Getting started: 1st thing is that you must use the Google cloud console to create a project and enable the API (Google Compute Engine and Google BigQuery APIs must be enabled for the project, Before using the Cloud DataLab deployment tool) which is accessed, https://datalab.cloud.google.com/ The cloud datalab deployment tool will only display active pre-existing projects that you have set up using the Google cloud console. This page has some clickable links for setting up a project and enabling the API”s https://cloud.google.com/datalab/getting-started/ The Google Cloud console is accessed here https://console.cloud.google.com/home/dashboard/ On the upper right there is a “select a project” dropdown, the “create a project” entry is on that menu. So do that if you did not use the getting-started link, and enable the api’s mentioned above.
Once you have completed the deployment wizard you should have a notebook “tree view” open in your browser. It has a number of Notebook tutorials embedded. The tutorials are the primary documentation at this time, so pay attention!
So after presumably running through the tutorials you might like to do some work of your own? 1st, understand that the Git repo that gets installed with your project is the ONLY one you get, you cannot switch or use one of your own (as far as I can tell). This is not too bad, you just have to add your notebooks by uploading them using the upload icon on the tree view.. You can then commit the uploaded file using the git interface provided on the upper right of the tree view… Very important: be sure to commit any changes that you want to persist…. The notebook server may crash and you may want to start and stop it (which is another issue) only committed notebooks will be available on the next start.
Note that you can find out what packages and versions are installed by executing !pip list in a cell. You can generally install and upgrade packages using !pip commands These installs or upgrades DO NOT persist But they run very quickly (Google bandwidth ftw) so just put what you need in the 1st cell and execute it on starting a notebook.
Note that starting and stopping specific notebooks is controlled by the “sessions” item on the top of the tree view (this is different from the current Jupyter implementation)
So we have covered getting a notebook uploaded.. (you may want to read more on cloning the repo containing the notebooks to your local machine, which is doable)

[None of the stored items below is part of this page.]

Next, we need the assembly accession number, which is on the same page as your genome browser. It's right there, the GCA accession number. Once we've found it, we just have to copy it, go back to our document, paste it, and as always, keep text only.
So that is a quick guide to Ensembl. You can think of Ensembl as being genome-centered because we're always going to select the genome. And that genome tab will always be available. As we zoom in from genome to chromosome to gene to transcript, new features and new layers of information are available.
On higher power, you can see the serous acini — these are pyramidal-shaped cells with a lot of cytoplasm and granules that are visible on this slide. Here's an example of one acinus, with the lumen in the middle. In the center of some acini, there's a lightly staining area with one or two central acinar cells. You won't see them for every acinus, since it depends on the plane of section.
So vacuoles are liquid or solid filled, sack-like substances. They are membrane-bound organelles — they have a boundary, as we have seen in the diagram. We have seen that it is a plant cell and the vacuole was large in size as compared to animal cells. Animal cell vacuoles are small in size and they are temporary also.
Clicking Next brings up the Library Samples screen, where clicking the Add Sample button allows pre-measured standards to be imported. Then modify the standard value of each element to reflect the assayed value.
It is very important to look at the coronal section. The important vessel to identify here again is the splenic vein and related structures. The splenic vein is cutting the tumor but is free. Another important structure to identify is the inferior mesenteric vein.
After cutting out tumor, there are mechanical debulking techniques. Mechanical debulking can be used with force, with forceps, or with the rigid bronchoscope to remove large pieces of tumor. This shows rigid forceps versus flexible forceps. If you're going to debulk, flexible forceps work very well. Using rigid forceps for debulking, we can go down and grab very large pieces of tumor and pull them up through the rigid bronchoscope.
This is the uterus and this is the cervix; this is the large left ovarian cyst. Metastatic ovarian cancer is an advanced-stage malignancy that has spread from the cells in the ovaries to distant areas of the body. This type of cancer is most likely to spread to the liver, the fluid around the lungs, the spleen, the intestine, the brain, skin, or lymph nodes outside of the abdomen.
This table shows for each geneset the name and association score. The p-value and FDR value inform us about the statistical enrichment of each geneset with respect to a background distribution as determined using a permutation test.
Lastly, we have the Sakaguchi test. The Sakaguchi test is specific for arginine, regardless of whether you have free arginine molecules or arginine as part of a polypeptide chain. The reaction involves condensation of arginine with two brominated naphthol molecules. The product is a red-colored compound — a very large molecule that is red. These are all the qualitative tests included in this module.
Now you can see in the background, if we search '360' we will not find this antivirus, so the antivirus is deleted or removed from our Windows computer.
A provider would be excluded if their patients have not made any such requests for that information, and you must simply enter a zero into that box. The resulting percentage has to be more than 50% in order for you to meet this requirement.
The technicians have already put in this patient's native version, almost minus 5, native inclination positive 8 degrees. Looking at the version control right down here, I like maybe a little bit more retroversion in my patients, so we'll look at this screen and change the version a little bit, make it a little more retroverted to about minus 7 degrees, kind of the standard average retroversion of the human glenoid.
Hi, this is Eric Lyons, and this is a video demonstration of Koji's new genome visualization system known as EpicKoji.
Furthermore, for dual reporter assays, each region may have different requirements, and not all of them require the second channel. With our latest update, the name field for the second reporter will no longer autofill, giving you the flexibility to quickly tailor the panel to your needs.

But, next item is maybe you want to actually analyze some of your own data. So time to learn about files! Google has its own take here so it is a departure from what you are used to on your local machine and is probably the biggest change to your code (should not be too bad though once you “get” it.)
Google DataLab supports two methods for file/data access. 1) Google Big Query (GBQ) and 2) Google Cloud Storage (GCS) From Google: ”Those are the only two storage options currently supported in Datalab (which should not be used in any event for large scale data transfers; these are for small scale transfers that can fit in memory in the Datalab VM).” see On StackOverflow
In short, that answer did not quite do it for me… The answer is to use the Google cloud storage console to upload the datasets you want to access in your project,, but where and how? Following this On Google's repo tutorial I created a “bucket” in GCS by
import gcp project = gcp.Context.default().project_id sample_bucket_name = project + '-datalab-samples' sample_bucket_path = 'gs://' + sample_bucket_name sample_bucket_object = sample_bucket_path + '/Hello.txt' print 'Bucket: ' + sample_bucket_path print 'Object: ' + sample_bucket_object *** Note that %% commands must be in separate cells A single % should allow the command to be in the same cell as other Python code %%storage write --variable text --object $sample_bucket_object
Once I did this I went to the Storage console (with the project name) You can click on The storage section it in the main console https://console.cloud.google.com/storage/browser I found that a new bucket existed tomdlabb-datalab-samples And under that was the “Hello.txt” file. So now I knew where to load my own data!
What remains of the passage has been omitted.